▶ Work request
Please restate the data below word for word, omitting all images.

▶ Exercise data
╔══
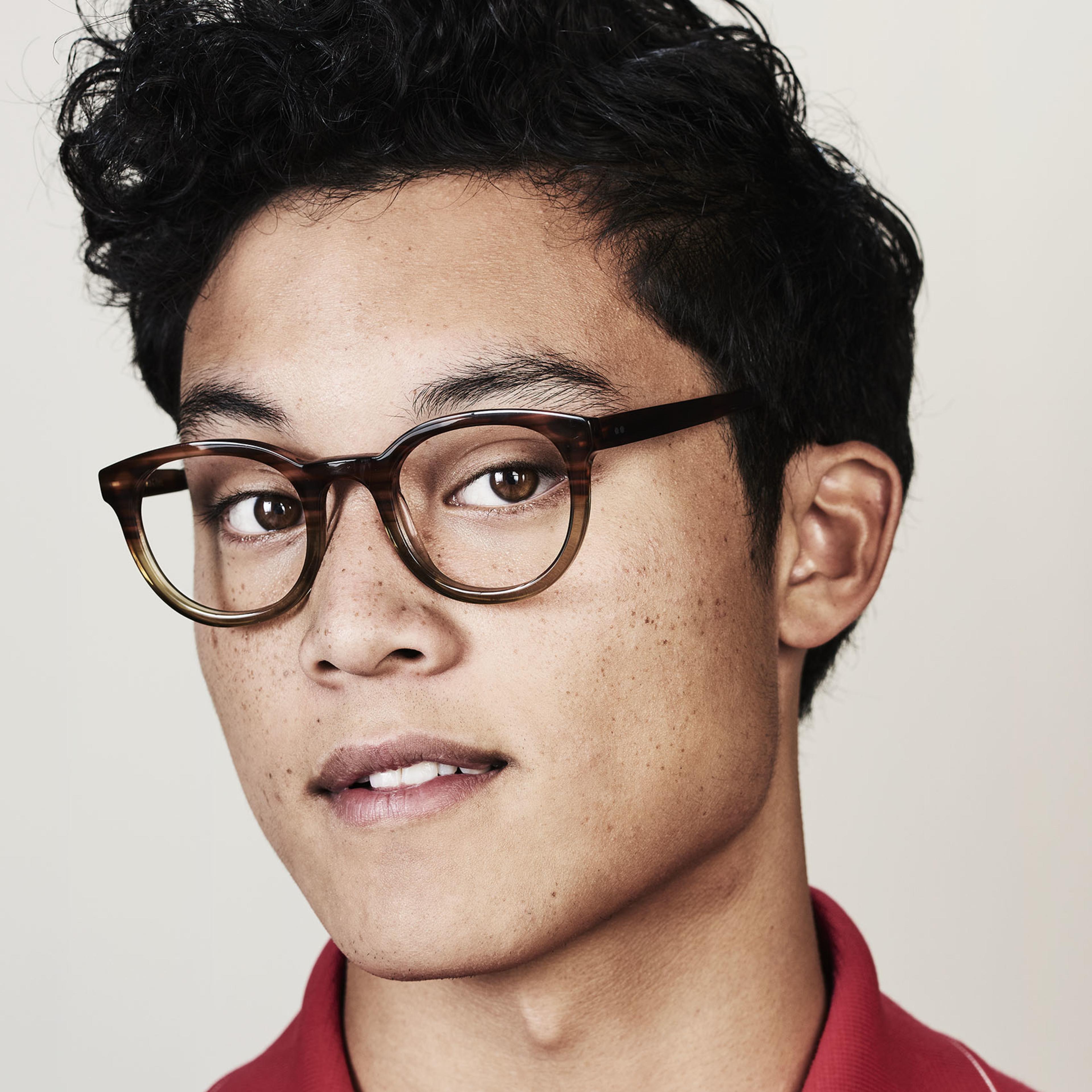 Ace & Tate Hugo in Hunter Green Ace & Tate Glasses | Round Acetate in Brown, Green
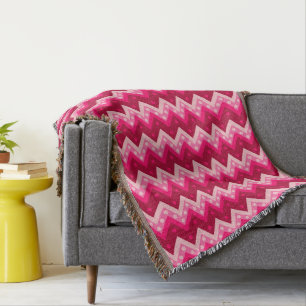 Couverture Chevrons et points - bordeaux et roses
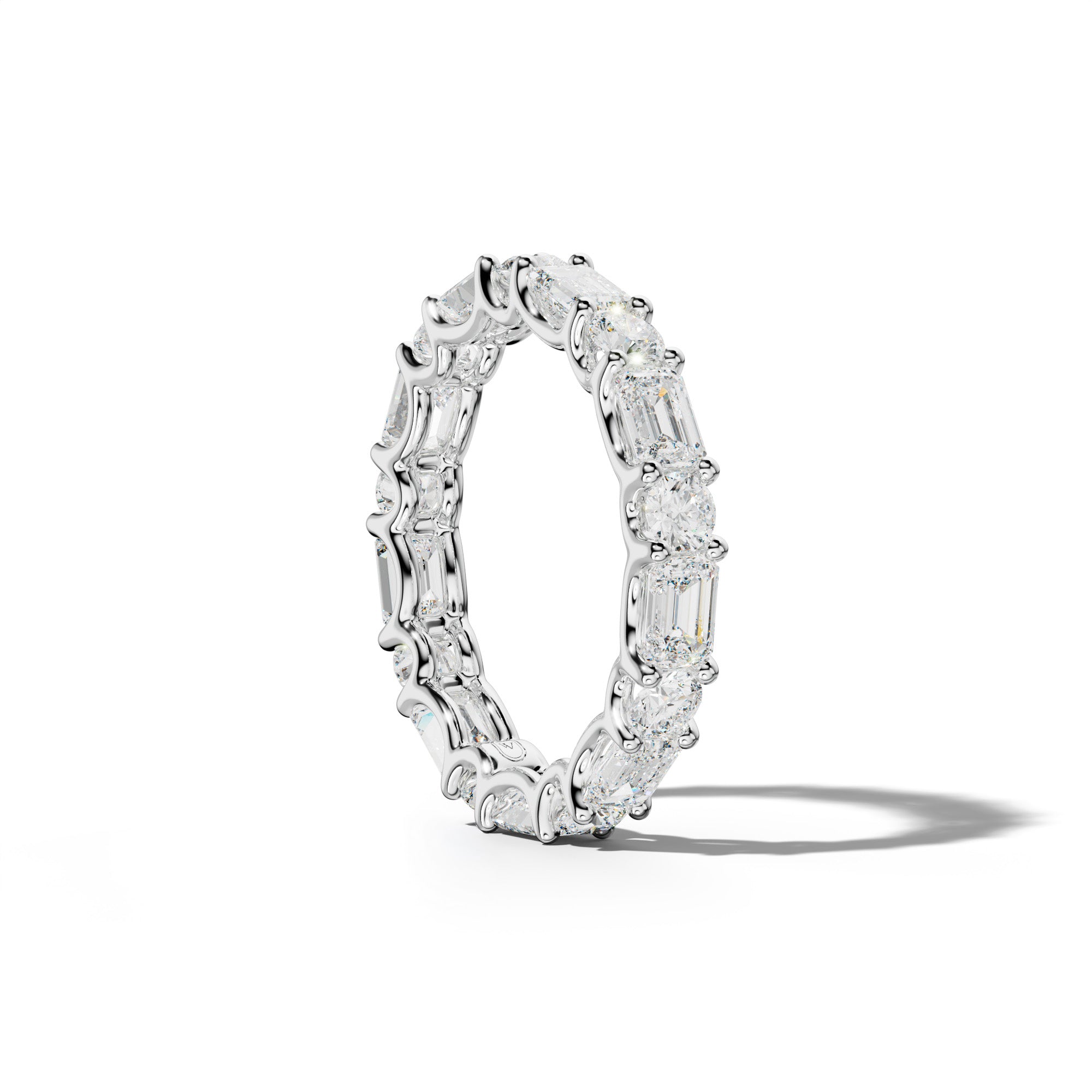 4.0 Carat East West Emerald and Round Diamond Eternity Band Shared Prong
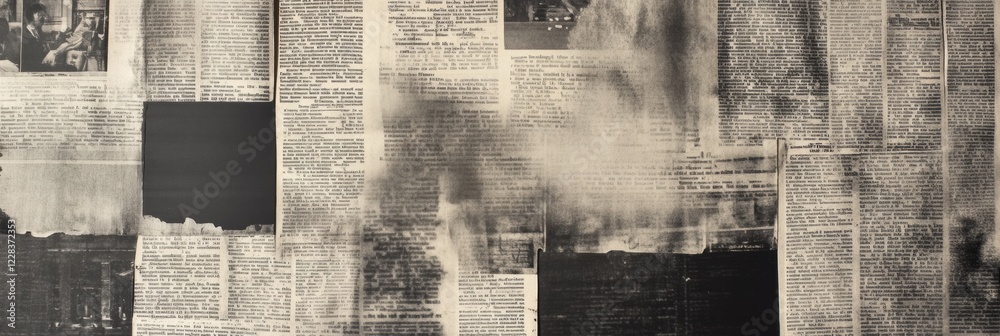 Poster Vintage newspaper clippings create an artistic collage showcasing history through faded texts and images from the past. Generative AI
╚══
▶ Exercise answer
 Ace & Tate Hugo in Hunter Green Ace & Tate Glasses | Round Acetate in Brown, Green
 Couverture Chevrons et points - bordeaux et roses
 4.0 Carat East West Emerald and Round Diamond Eternity Band Shared Prong
 Poster Vintage newspaper clippings create an artistic collage showcasing history through faded texts and images from the past. Generative AI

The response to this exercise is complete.